Target misses the boat
The retailer cited softness in its apparel sales, a problem that has plagued apparel retailers all year. The long winter meant that customers were less likely to start buying spring clothes early in the year. That reluctance meant that the total number of transactions suffered, accounting for a 1.9% drop in comparable sales for Target. The company was able to regain a bit of ground, though, due to an increase in average transaction size. The combination of the two left Target with a 0.6% decline in comparable store sales.
Trickle that down to earnings per share, and the company was staring down a 5% drop, from $1.11 per share in 2012 to $1.05 this year. The fall meant that management had no choice but to drop its yearly earnings-per-share expectations, down from $4.85-$5.05 to $4.70-$4.90.

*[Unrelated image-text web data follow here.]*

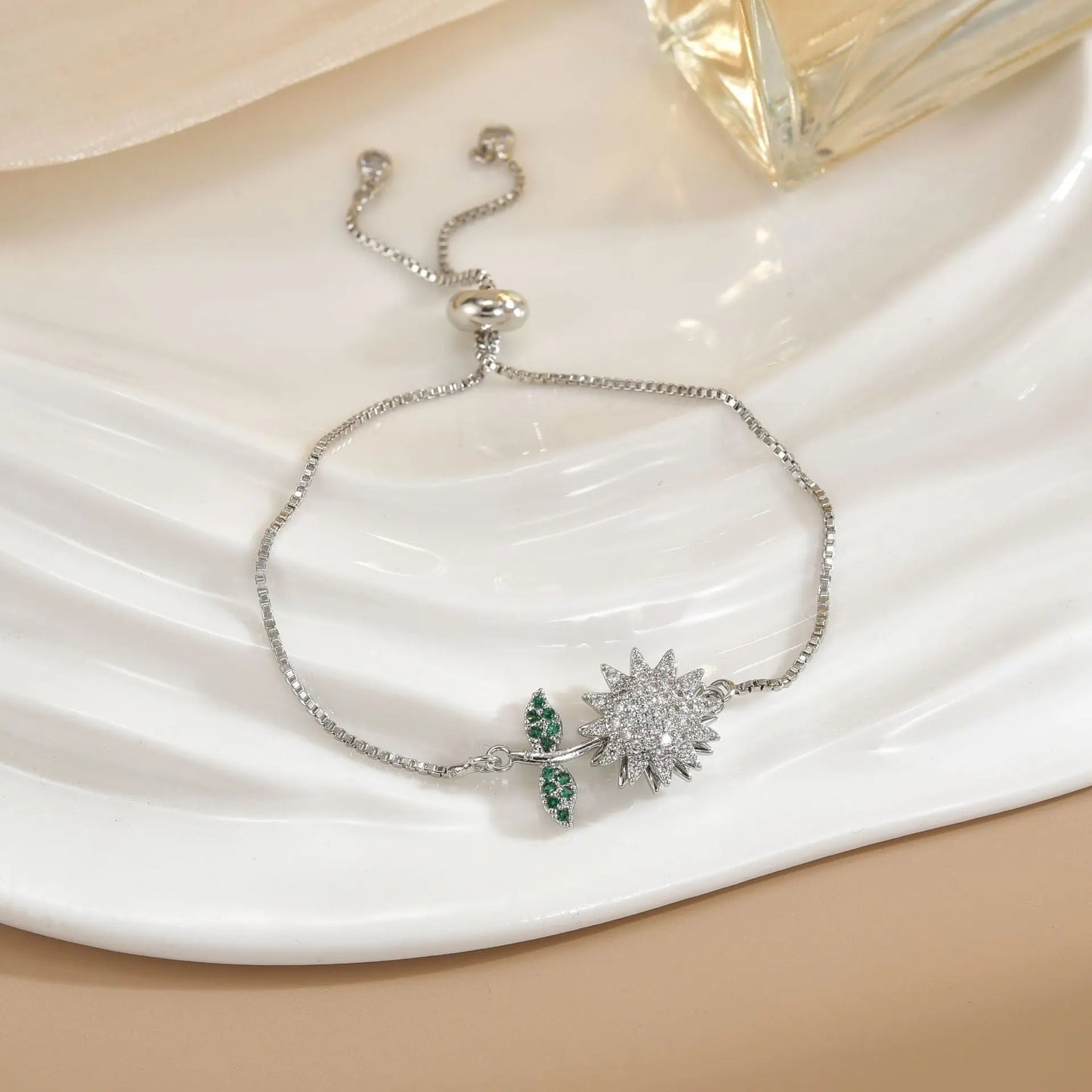 Bracelet Rotatif Floral Femme Plaqué Or - Cuivre Pur Design Élégant - BMYANY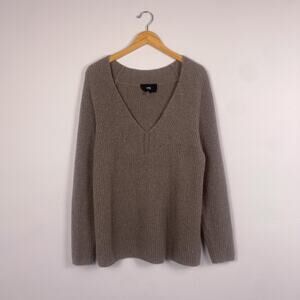 Line The Label Cashmere Blend V-Neck Ribbed Sweater Brown XS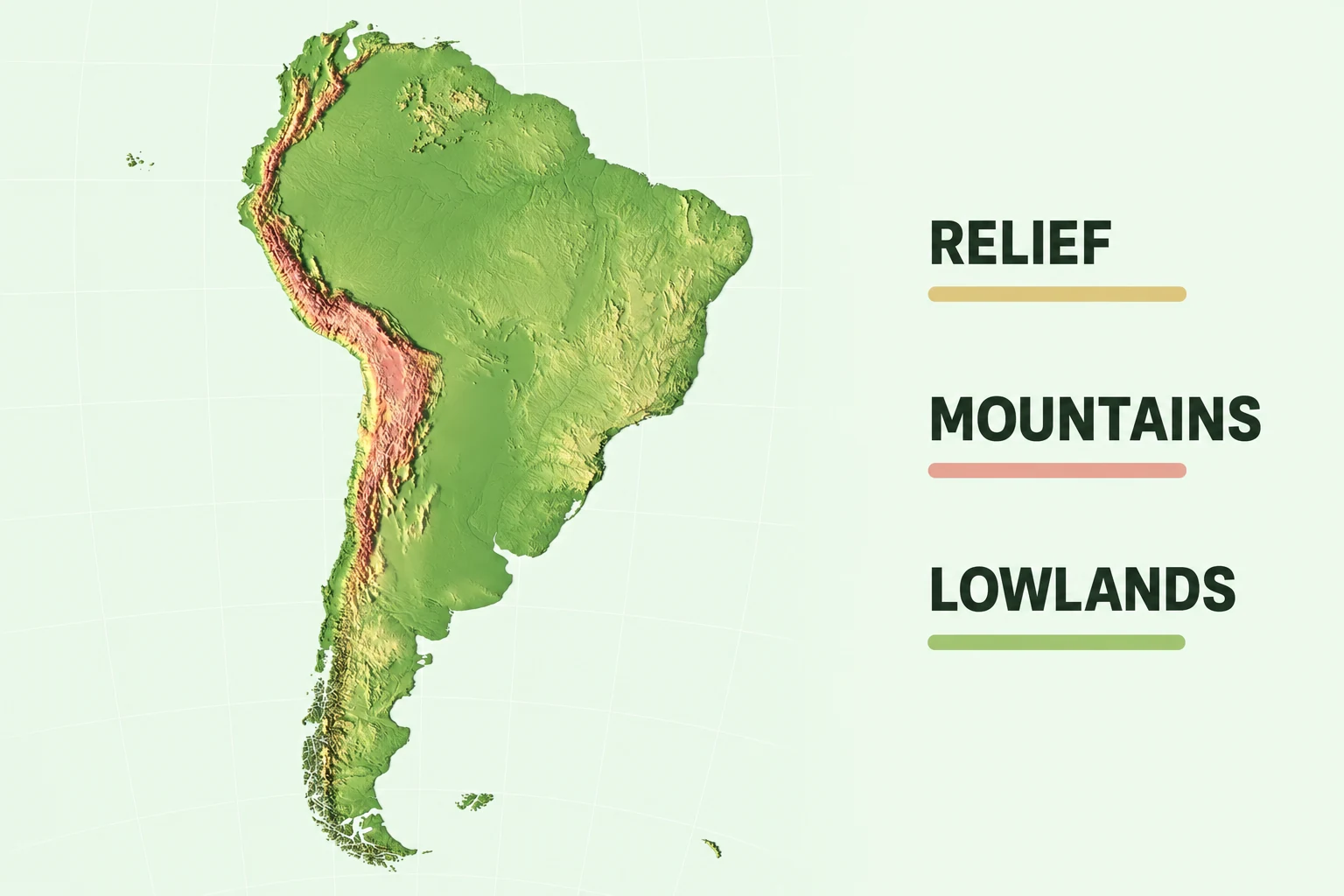 AI-generated south america — relief illustration concept.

What should Target investors do?
Compared to others in the sector, Target is middle-of-the-pack. The leader is clearly Costco (NASDAQ: COST ) , which has managed to pull in more customers through its bulk discounting. While the company has not reported its current quarter earnings yet -- the report comes out at the end of the month -- monthly comparable sales have been rising.
Costco has managed to buck the issues that seem to have hampered Target. Last quarter, Costco recorded more transactions, with larger average transactions, both of which resulted in a 5% favorable comparable-sales increase for the quarter.

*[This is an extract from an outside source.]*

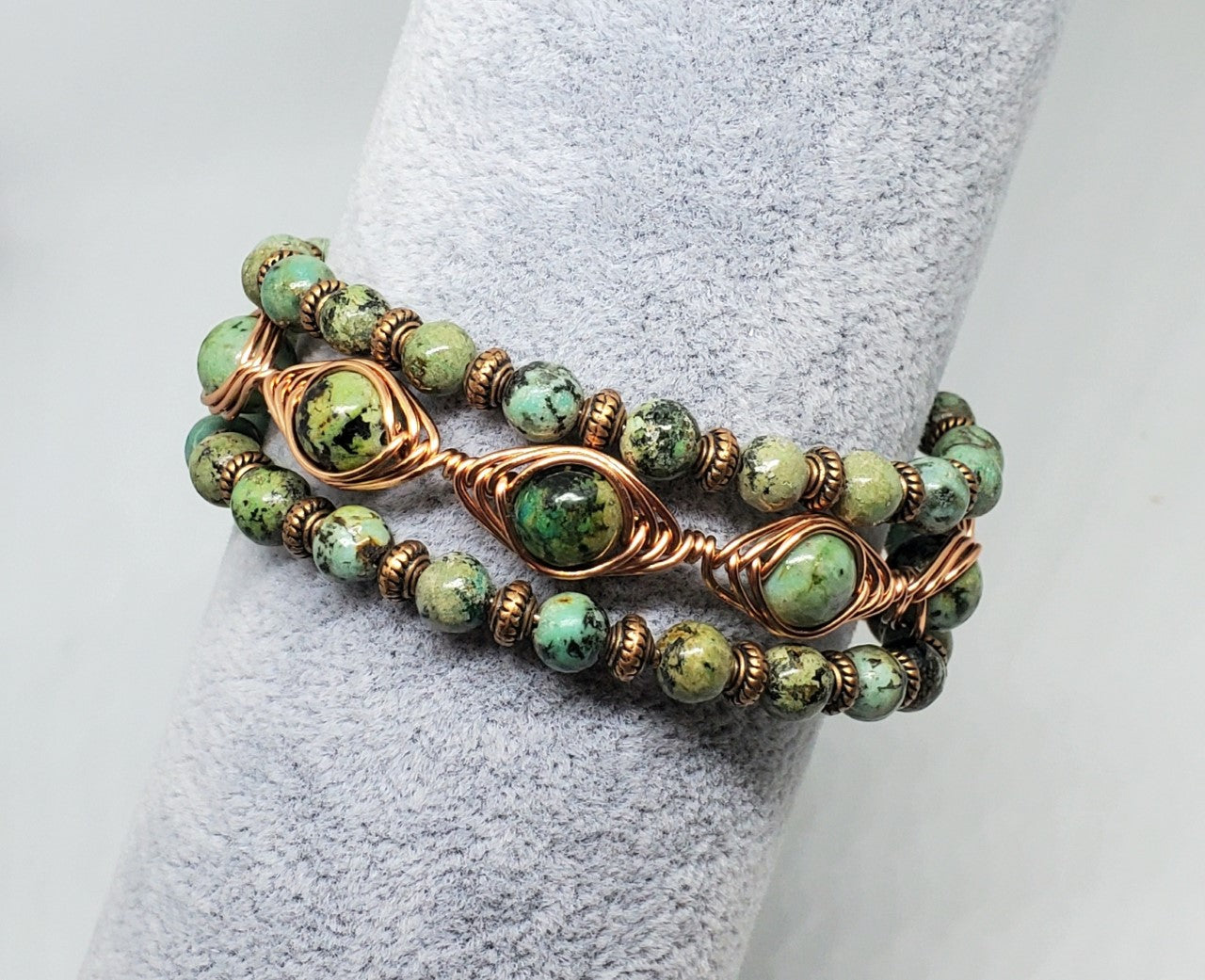 Copper Wire Herringbone wrapped  African Turquoise Stones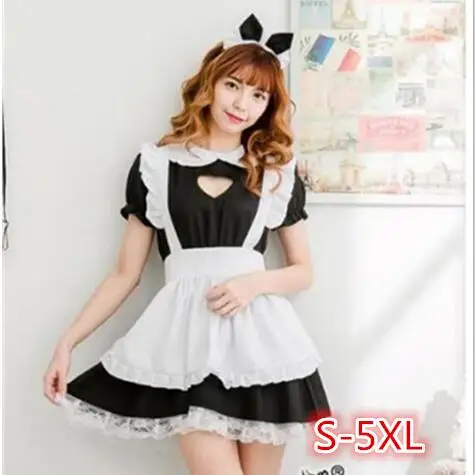 

Heart Hollow Women's Maid Dress Kawaii Lolita Outfit Milkmaid Costume Cosplay Bandage Sexy Waitress Dress Puff Sleeve Uniform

If Costco is the front-runner of the business, Wal-Mart (NYSE: WMT ) looks increasingly like it's bringing up the rear. The company blamed inflation, weather, income tax returns, and health care tax in its recent poor showing. Comparable sales fell 1.5% last quarter, and Wal-Mart management was quick to point the finger outside of the company. Even with those issues,it managed to increase earnings per share.
The problem for Target investors is that the cost of moving to a better-performing business may not make sense. Although Target has failed to keep up with returns for the S&P 500 over the last 12 months, it's still up 22%. That's roughly in line with Wal-Mart's return, but well short of the 37% that Costco has gained.
That success comes at a cost, though. While Wal-Mart and Target both trade at P/Es below 16, Costco is trading at 26. If I were invested in Target, I'd seriously consider a switch of allegiance. Target seems to be stumbling -- by no means failing, just stumbling -- while Costco is soaring.